10. In so far as orders impugned in these cases are concerned, those have been held illegal on 10-8-1990 itself and are today finally quashed. For recovery of silver seized from Nirbhay Kumar, proceedings commenced by Shri A. K. Verma, JMFC, Gwalior, shall continue, to comply with the direction made in these matters by this Court on 10-8-19901 Two common respondents in all these 10 matters have been heard; one Nirbhay Kumar, is reported untraceable. The view taken by this Court on 23-6-1990 in M. P. No. 724/90 we reiterate and hold that if any person is aggrieved by the “warrant of authorisation” issued in these cases, in regard to the custody of silver seized from the said Nirbhay Kumar, he may challenge the warrants in separate proceedings.

10A. Shri K. S. Shrivastava prayed that a direction be made to the Superintendent of Police, G.R.P (B.G.) at Bhopal to pursue the matter and take necessary steps for recovery of silver whether from Gwalior or from Mathura. We have no doubt that he can do that inasmuch as the offence’ for which Nirbhay Kumar was booked, and the seizure of the silver from him, had taken place at Gwalior.

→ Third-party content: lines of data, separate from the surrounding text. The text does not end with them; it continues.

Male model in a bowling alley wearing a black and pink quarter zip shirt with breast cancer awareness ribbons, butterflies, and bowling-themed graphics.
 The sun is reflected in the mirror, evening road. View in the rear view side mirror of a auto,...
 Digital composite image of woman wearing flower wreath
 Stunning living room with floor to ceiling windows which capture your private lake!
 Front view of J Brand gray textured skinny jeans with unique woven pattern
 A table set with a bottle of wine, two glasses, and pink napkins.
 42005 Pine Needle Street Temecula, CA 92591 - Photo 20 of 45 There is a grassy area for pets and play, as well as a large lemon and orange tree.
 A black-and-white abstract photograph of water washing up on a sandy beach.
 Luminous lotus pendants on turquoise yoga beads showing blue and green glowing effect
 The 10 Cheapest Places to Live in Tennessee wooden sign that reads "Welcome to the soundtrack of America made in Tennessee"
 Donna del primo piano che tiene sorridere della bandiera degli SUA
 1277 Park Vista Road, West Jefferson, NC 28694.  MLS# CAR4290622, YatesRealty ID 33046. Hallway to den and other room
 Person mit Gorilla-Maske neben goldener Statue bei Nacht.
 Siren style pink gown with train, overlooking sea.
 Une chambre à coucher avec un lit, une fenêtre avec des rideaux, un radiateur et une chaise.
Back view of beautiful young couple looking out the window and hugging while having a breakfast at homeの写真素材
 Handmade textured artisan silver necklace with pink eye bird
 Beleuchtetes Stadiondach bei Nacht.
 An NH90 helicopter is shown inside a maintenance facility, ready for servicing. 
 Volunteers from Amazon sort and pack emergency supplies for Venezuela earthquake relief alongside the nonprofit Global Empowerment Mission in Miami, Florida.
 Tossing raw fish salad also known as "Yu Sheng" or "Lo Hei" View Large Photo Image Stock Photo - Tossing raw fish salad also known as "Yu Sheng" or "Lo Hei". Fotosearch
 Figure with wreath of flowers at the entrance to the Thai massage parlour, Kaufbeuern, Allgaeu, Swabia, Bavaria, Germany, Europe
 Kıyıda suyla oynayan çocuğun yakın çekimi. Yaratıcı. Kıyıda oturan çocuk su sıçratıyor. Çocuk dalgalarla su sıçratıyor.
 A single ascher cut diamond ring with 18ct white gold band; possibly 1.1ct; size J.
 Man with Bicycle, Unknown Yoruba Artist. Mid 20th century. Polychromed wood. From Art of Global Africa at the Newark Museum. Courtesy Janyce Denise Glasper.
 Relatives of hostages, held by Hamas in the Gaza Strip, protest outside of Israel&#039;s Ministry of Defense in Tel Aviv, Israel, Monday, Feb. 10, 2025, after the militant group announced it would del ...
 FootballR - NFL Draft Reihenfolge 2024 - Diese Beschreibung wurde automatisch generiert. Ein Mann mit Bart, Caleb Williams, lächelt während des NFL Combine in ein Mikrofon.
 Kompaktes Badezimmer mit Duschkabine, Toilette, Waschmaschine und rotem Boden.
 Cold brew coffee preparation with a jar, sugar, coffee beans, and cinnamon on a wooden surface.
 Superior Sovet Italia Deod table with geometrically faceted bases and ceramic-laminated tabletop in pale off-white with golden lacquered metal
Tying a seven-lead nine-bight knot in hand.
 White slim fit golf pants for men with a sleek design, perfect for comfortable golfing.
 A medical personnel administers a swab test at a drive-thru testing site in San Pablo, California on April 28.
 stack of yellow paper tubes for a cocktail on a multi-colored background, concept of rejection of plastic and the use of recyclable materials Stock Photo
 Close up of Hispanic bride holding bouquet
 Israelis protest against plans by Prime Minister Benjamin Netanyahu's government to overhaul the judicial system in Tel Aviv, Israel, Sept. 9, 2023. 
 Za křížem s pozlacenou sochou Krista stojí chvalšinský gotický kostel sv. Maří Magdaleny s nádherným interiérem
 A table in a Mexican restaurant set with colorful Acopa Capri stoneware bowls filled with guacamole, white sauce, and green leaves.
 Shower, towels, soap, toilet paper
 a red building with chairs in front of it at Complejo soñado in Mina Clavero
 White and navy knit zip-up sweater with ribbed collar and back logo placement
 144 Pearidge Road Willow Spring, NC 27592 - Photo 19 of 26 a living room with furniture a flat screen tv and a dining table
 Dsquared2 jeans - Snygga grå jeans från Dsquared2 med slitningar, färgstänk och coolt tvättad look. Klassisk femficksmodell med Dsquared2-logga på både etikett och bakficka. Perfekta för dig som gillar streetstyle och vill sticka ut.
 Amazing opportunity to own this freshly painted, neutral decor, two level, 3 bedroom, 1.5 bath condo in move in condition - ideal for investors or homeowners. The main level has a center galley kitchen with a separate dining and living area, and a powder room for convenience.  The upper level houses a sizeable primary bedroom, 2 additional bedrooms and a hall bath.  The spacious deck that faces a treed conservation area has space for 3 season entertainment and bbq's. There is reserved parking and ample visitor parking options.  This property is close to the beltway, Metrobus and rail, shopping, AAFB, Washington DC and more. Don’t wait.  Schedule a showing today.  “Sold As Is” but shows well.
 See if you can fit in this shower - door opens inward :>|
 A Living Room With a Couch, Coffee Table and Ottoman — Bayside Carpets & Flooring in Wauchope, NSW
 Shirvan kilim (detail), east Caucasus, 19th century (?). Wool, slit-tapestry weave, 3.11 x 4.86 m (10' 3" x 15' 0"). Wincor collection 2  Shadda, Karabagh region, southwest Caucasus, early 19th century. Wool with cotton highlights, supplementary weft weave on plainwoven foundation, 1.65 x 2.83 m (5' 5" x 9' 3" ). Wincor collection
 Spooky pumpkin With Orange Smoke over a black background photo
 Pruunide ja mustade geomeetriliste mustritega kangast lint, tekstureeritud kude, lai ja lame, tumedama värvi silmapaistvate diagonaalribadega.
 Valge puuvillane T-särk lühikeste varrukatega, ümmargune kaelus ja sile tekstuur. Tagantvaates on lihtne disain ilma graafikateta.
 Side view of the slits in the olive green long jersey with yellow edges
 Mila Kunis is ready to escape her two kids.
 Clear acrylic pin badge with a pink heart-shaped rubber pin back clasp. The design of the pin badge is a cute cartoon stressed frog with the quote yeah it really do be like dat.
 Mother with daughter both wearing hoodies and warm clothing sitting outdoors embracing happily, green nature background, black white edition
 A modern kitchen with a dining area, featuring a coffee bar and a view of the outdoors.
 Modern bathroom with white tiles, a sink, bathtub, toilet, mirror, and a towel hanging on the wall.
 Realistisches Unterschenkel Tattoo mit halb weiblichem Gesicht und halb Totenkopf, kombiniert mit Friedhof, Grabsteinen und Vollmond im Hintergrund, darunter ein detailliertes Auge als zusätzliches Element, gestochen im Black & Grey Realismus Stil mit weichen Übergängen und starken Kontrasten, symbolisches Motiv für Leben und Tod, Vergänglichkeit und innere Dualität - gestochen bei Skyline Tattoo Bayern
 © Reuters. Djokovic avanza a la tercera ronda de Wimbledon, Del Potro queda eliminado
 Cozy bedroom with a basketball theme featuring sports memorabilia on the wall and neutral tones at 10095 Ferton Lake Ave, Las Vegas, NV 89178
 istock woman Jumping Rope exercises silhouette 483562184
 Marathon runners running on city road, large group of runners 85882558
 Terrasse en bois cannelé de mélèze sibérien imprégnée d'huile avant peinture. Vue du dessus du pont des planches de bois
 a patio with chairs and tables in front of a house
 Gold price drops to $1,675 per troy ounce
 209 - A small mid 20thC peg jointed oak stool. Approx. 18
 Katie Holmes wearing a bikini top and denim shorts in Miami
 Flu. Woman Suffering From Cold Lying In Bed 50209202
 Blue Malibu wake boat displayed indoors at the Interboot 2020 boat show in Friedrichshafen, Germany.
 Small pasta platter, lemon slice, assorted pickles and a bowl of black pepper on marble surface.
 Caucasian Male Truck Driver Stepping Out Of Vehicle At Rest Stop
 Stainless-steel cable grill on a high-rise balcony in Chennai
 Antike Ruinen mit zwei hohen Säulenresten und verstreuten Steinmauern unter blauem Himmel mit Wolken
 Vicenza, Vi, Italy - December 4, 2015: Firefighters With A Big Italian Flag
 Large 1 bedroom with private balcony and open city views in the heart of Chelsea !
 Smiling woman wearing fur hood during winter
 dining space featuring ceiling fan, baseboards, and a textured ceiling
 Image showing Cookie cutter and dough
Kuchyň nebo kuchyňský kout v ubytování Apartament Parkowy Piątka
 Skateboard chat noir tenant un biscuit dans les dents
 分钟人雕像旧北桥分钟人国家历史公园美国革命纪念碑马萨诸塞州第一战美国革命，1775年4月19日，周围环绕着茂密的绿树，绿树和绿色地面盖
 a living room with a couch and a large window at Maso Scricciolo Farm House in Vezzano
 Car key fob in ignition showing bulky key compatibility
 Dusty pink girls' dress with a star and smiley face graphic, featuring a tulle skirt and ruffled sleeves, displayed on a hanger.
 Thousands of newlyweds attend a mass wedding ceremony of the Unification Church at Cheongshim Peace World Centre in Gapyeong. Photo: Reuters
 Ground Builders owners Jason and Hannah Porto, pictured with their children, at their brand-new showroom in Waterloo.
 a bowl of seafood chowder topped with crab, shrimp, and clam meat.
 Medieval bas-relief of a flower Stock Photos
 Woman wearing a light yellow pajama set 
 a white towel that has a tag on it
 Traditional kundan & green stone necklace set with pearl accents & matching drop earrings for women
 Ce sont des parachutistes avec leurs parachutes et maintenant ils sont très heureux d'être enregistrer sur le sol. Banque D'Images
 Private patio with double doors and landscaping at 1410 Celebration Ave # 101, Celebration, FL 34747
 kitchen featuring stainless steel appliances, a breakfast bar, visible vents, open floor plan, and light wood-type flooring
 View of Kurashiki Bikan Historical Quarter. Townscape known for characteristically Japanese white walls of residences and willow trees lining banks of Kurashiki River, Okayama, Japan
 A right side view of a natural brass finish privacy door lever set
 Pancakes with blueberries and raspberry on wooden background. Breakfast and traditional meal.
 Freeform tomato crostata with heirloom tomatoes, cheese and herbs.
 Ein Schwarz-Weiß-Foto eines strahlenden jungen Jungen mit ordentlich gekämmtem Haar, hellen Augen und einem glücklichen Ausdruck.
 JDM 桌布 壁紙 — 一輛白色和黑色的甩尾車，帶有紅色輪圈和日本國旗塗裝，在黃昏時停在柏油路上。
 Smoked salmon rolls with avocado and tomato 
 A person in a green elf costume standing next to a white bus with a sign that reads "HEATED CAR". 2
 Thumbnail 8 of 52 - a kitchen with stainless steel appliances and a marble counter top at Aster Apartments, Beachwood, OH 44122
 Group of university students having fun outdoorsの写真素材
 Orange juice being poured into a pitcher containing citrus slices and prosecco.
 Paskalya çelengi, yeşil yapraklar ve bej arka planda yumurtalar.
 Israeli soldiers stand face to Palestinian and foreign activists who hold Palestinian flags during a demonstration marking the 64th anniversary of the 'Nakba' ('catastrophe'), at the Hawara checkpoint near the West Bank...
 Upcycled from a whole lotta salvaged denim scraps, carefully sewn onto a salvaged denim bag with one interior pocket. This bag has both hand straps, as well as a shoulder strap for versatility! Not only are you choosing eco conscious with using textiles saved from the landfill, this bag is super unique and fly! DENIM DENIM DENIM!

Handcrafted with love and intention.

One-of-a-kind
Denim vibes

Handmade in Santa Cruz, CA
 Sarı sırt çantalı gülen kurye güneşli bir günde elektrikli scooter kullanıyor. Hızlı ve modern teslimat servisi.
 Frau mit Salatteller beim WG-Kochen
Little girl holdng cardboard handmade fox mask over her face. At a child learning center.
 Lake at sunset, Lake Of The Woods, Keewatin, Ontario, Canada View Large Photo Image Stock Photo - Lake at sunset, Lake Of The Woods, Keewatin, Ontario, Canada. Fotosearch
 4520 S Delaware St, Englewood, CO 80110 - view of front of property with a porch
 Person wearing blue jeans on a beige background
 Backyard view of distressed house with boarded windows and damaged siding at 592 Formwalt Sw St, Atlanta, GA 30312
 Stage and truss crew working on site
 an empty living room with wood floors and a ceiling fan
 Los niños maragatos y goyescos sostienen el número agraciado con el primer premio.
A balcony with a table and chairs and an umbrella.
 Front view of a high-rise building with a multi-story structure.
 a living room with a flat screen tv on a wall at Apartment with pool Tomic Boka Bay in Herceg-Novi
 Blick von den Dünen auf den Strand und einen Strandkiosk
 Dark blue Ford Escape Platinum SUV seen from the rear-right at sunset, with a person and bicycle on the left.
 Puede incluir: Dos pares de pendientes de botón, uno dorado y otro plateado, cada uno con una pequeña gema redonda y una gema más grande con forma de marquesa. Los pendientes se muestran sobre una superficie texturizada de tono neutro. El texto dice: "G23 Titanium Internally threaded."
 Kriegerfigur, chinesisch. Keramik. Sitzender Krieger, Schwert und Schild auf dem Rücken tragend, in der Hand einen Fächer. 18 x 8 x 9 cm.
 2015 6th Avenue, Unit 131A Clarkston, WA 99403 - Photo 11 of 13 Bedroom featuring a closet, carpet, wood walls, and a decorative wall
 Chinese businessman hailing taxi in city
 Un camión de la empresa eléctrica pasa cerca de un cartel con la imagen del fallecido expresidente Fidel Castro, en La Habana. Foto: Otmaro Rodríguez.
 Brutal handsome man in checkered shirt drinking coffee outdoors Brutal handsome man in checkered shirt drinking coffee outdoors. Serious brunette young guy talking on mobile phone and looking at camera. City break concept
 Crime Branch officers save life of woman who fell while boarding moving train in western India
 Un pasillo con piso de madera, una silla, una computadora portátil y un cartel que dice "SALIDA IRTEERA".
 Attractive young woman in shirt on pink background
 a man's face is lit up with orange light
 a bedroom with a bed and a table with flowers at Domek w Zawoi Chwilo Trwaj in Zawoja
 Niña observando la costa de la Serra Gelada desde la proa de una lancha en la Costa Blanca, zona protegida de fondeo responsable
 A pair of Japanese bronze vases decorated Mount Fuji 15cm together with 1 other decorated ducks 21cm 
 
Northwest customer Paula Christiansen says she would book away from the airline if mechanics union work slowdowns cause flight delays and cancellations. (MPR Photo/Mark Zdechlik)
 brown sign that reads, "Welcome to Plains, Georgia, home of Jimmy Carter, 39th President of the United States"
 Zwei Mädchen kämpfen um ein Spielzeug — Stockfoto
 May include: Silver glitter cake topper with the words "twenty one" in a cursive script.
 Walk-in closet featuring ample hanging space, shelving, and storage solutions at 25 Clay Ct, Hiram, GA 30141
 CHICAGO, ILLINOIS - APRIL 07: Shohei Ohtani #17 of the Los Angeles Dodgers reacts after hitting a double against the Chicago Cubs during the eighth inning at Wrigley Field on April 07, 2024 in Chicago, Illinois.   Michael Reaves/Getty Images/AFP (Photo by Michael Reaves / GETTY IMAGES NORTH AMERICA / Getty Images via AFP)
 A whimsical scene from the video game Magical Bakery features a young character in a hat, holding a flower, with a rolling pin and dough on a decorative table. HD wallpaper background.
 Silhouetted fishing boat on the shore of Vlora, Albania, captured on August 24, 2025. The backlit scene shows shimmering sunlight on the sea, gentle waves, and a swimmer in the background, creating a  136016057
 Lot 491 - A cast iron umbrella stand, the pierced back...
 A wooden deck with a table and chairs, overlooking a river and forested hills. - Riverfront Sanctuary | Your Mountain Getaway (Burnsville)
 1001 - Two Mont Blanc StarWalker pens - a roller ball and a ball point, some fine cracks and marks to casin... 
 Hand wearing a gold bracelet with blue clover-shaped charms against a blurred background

11. Section 11(3), Criminal Procedure Code empowers the High Court “to confer powers of Judicial Magistrate or of the First Class or Second Class on any member of Judicial Service of the State functioning as a Judge in a Civil Court.” Accordingly, power has been conferred by this Court on Smt. Bhatt to act as Second Additional Chief Judicial Magistrate, Gwalior, as it was thought “expedient” to do so. Section 34(1), Criminal Procedure Code invests the High Court as also the State Government jurisdiction to withdraw all or any of the powers conferred by it under this Code on any person or by any officer subordinate to it. We have no doubt in appropriate cases it becomes the duty of the High Court to exercise its power under Section 34(1), Criminal Procedure Code in the matter of sustaining public confidence in the administration of justice. Indeed, this duty assumes significance when it appears from cogent material brought to its notice that it is fit and expedient not to allow that power to be exercised by any Civil Judge. We have today, before us, cogent and adequate material to take that view that it will not be in the public interest to allow Smt. Bhatt to continue to exercise powers under Section 11(3), Criminal Procedure Code as it is necessary to uphold high traditions of judiciary at all levels and maintain public confidence in administration of justice. We recommend that powers conferred on her thereunder be withdrawn.

12. We direct the Bench Registry to send to the Main Registry a copy of this order as also of the order passed by us in this matter on 10-8-1990 along with copies of impugned order and that of Smt. Bhatt’s report/explanation. A copy of order passed by this Court on 23-6-1990 in M. P. No. 724/90 shall also be sent therewith. The question of withdrawal of powers herein commended shall be placed for consideration of the Full Court in the next meeting. Till then, our interim direction made to the learned District and Sessions Judge, Gwalior, must continue. She shall not be given any criminal work till such time as decision of the Full Court in the next meeting, in regard to the recommendation made herein.

A copy of this order shall be kept on the record of all the nine connected matters.